Как известно, традиционная песня – это лирика коллектива (народа, партии, уголовной банды – у кого какой коллектив). Оттого песня чурается слишком индивидуальных перипетий, психологических головоломок, узкобытовых ситуаций; мыслит и чувствует просто. Крупно. В ней – Любовь, Беда, Разлука, Девушка, Парень. И эпитеты переборчивы, воплощая в себе норму. Или антинорму. Красна девица. Поле чистое. Солнце ясное. Идолище поганое.
(Сейчас посетила мысль, показавшаяся занятной. Когда Булат Окуджава в нашу с ним «молодогвардейскую» пору – 1958 год, – певший в застольях еще не свои, чужие песни, в одной из них, «Течет речка да по песочку…», подменял «проституточку», неизбежную подружку «жульма- на», «комсомолочкой», – как в этом полуосознанном озорстве уже проглядывала его формирующаяся индивидуальность!
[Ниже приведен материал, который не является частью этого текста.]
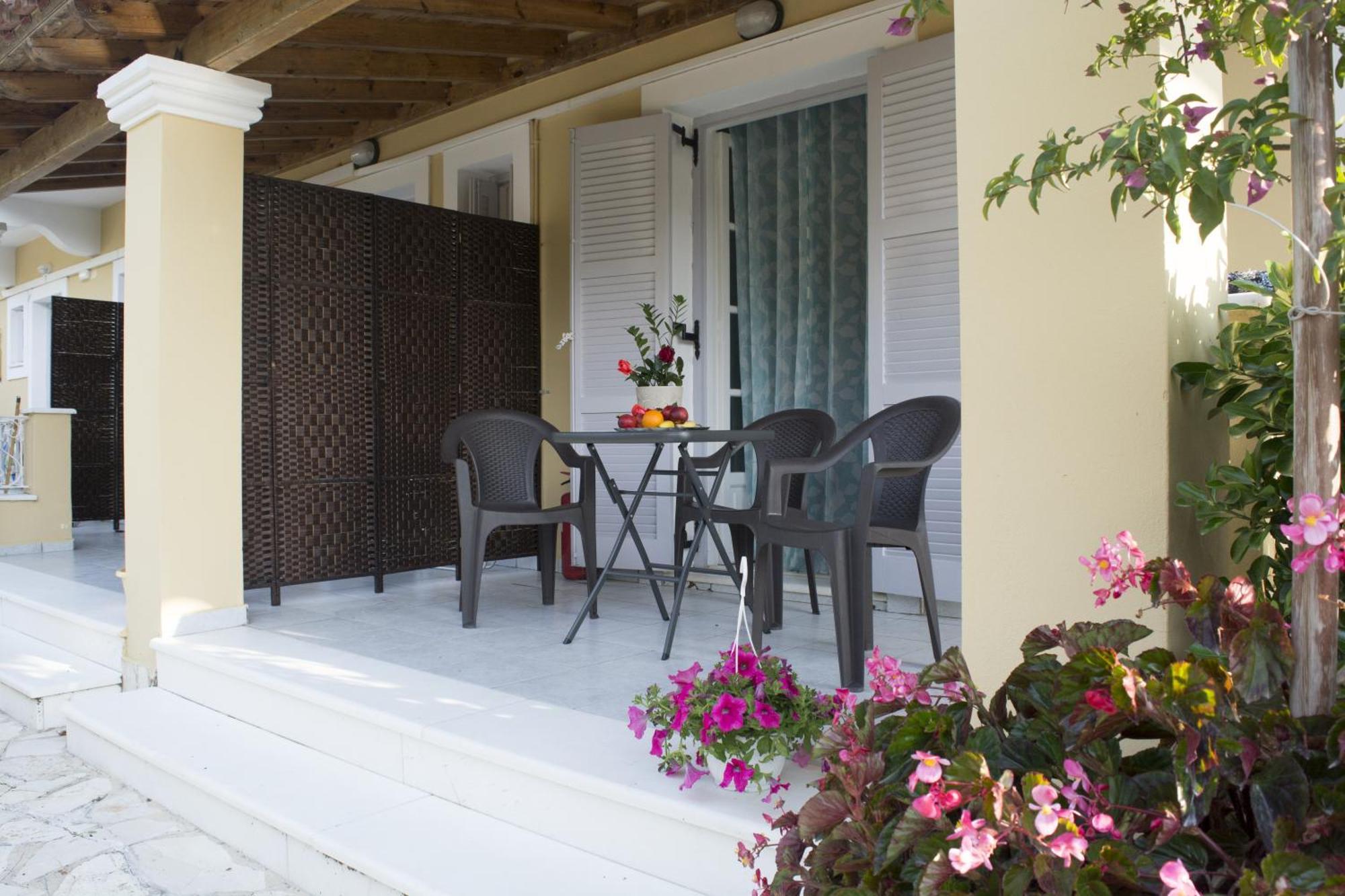 Marina Apartments, อากิออส กอร์ดิออส ภายนอก รูปภาพ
…Молодая да комсомолочка жулика хоронит.
Усложнившийся мир, нарушенные границы, психологическая ненормативность…)
Нельзя не добавить, что песня типично советская (чей коллектив, вернее, ориентир – «народ», то есть тот образ человеческой протоплазмы, чьи очертания директивно определены «партией и правительством») по-своему замечательно использовала изначальное свойство песенной поэтики. Лучший советский песенник Исаковский способен создать потрясающее «Враги сожгли родную хату…», на ощупь, как и должен делать поэт, найдя опору - поездной, нищенский фольклор, преследующий цель разжалобить, упросить граждан войти в положение (отсюда – «бутылка горькая», «серый камень гробовой»), но как часто его тексты стерты до полной безликости, слащавы до приторности. Каков и сам по себе официальный образ «советского народа».